The site map illustrates the information architecture of the app, showing how a user will navigate it.
Nelly planned a trip to India with her husband, Ned. She was already worried about traveling there and the recent outbreak of Zika virus has only worsened that fear. To her surprise, Nelly finds out that TravelOn, provided by the CDC, will help her prepare for her trip - she'll get recommended vaccines, food safety tips and real-time emergency alerts. Nelly and Ned can now travel with ease.
Ideation & Sketching
With the research phase behind us and a solution developed, we began to ideate and sketch. We sketched multiple versions of the screens that would comprise the app.
We then took our sketching up a notch, in order to settle on a design direction.

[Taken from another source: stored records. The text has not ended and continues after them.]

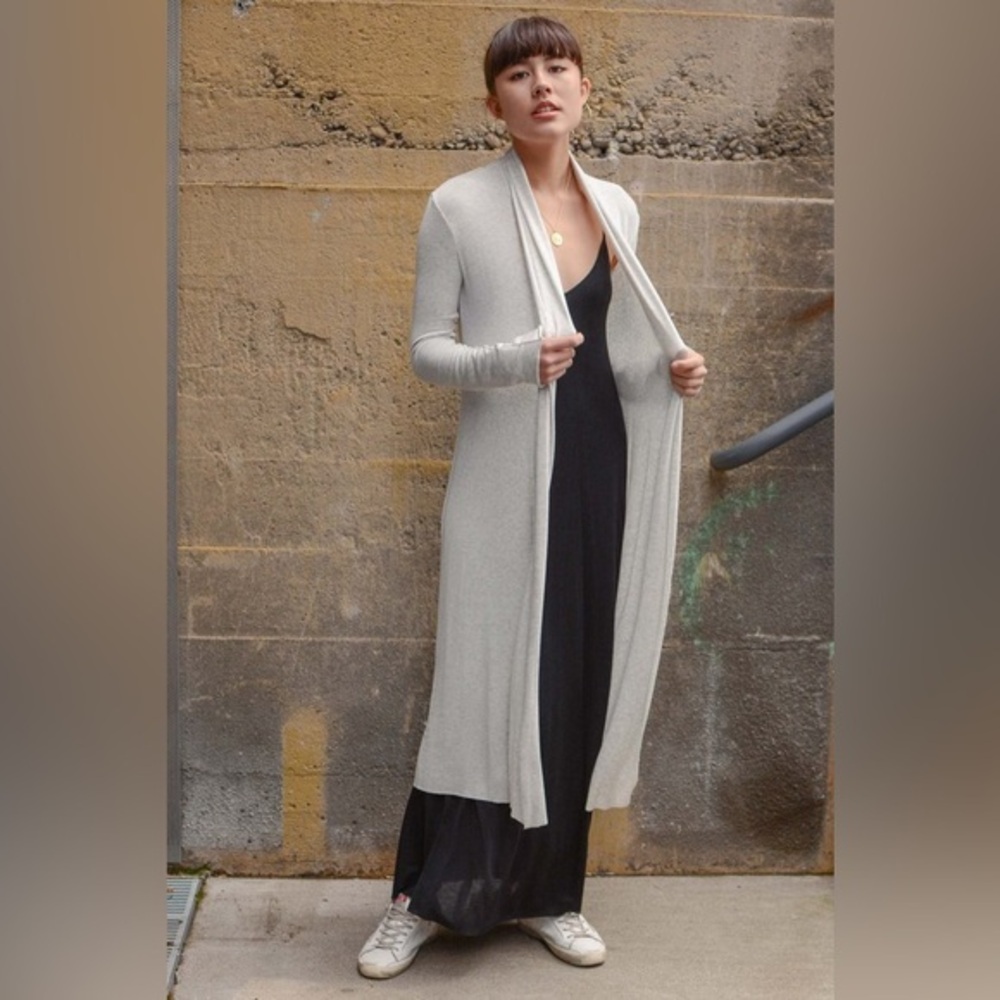 Beautiful People Modal Rib Duster Long Cardigan L 47in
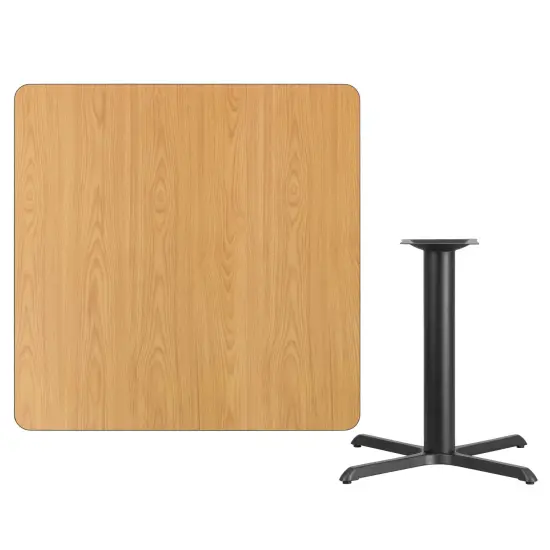 Emma and Oliver 42" Square Laminate Table Top with 33"x33" Table Height Base Natural {3}
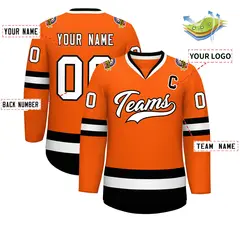 Orange White-Black Classic Hockey Jersey 2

Paper Prototyping & Usability Testing
With a functioning paper prototype in hand, we embarked on our first instance of usability testing.

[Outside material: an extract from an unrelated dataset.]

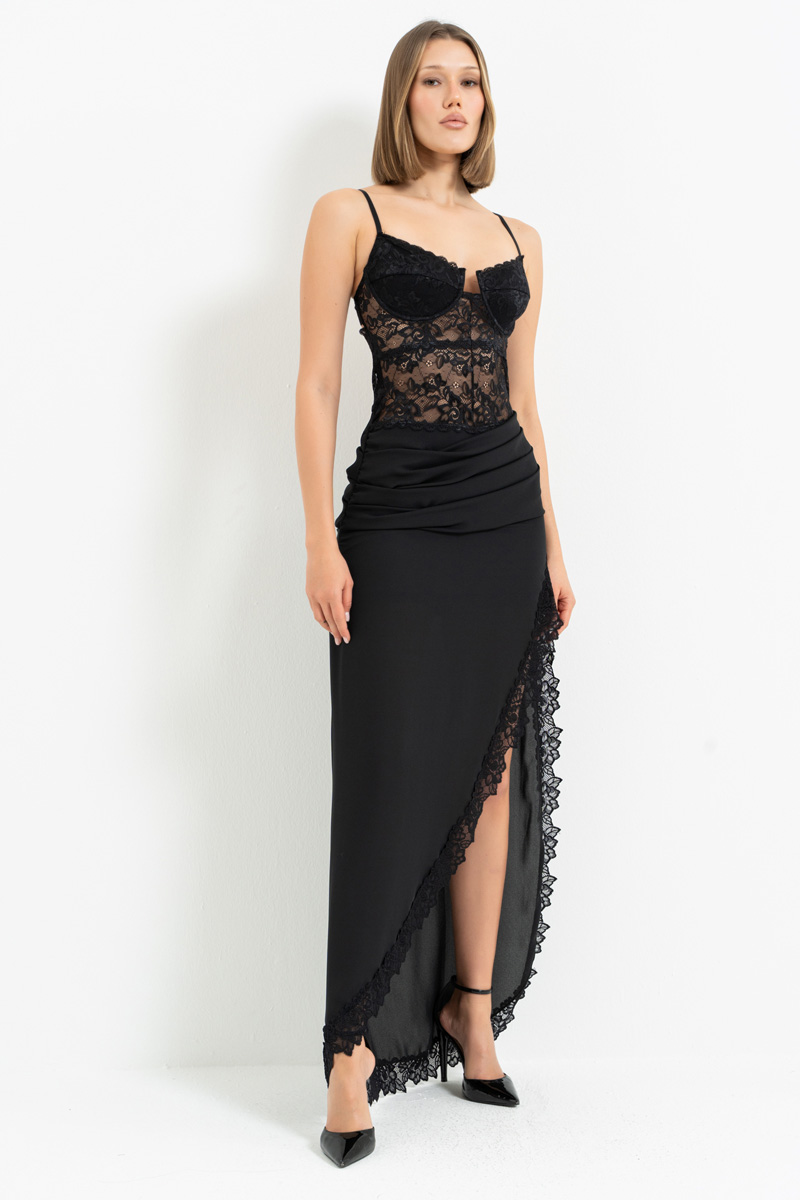 Black Lace-Trim Asymmetric Maxi Dress with Chiffon Skirt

The images of the continents were small and prone to mistaken selection
We replaced with larger graphics, spanning the width of the screen, to make the selection process easier
Participants were unsure of what the word "Risk" meant when viewing the listing of countries on a given continent
We replaced "Risk" with the phrase "Risk Grade" to provide clarity
Participants were unsure of what the "Plan" button would do, while on a given country screen
We replaced this with "Travel Dates" to better guide the user
Some younger participants were confused by the term "Current Events," thinking that it may include information about pop culture - we
This term was replaced in favor of "News & Alerts"

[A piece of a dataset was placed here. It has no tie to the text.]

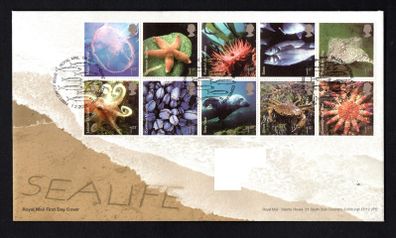 2007 Great Britain Sealife Commemorative Stamps First Day Cover (FDC)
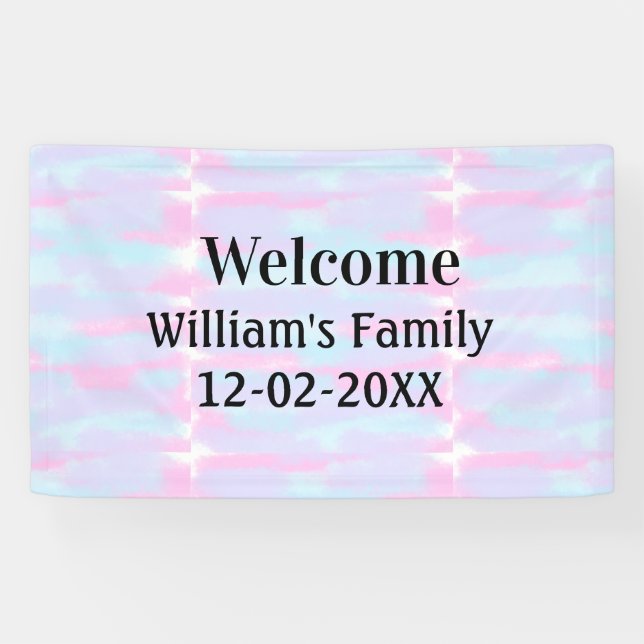 simple minimal monogram logo personalized welcome banner (Horizontal)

The large graphic on the Vaccines screen competes with the content below -
We removed the graphic
Participants thought that the check marks next to completed vaccinations were down arrows
The arrows were replaced with "Added MM/DD/YY" to match the "Need By" convention already being utilized on the screen
The calendar input confused people, as they weren't sure if they could enter dates or not
This was replaced with a traditional calendar
Participants were unsure of what notifications they would be turning on
Turning on of notifications was moved to the specific screens that they are related to
Wireframes & Usability Testing
With the feedback we received from our paper prototyping, we embarked on creating a set of digital wireframes and conducted repeated usability testing.
Results: Before & After
Participant feedback indicated that applying different colors to the three risk grades would provide clarity
Red, yellow and green were added to signify high, medium and low risk, respectively
Results: Before & After
Participants weren't noticing the advisory at the top of the calendar when entering travel dates
A popup window was added after the trip creation process, notifying the user that new information was now available
Participants found the size of the calendar to be cumbersome
It was replaced with a larger caldendar
Results: Before & After
Participants were unsure of why vaccine and document information was placed where it was
"Medical Log" and "Document Log" headings were added to provide clarification to users
The process of adding a new vaccine to the log, within the expansion box, confused participants
The expansion box was replaced with a "Plus Symbol," which launches a dedicated "Add Vaccine or Medication" screen, providing a simplified method to add a vaccine or medication
This was an exciting project in which were able to preserve the integrity of the original apps, while adding user-requested features, such as information on crime and security. Going forward, other features that would make a great addition, include: post-trip notifications, country comparisons, embassy contact information and app-level password protection.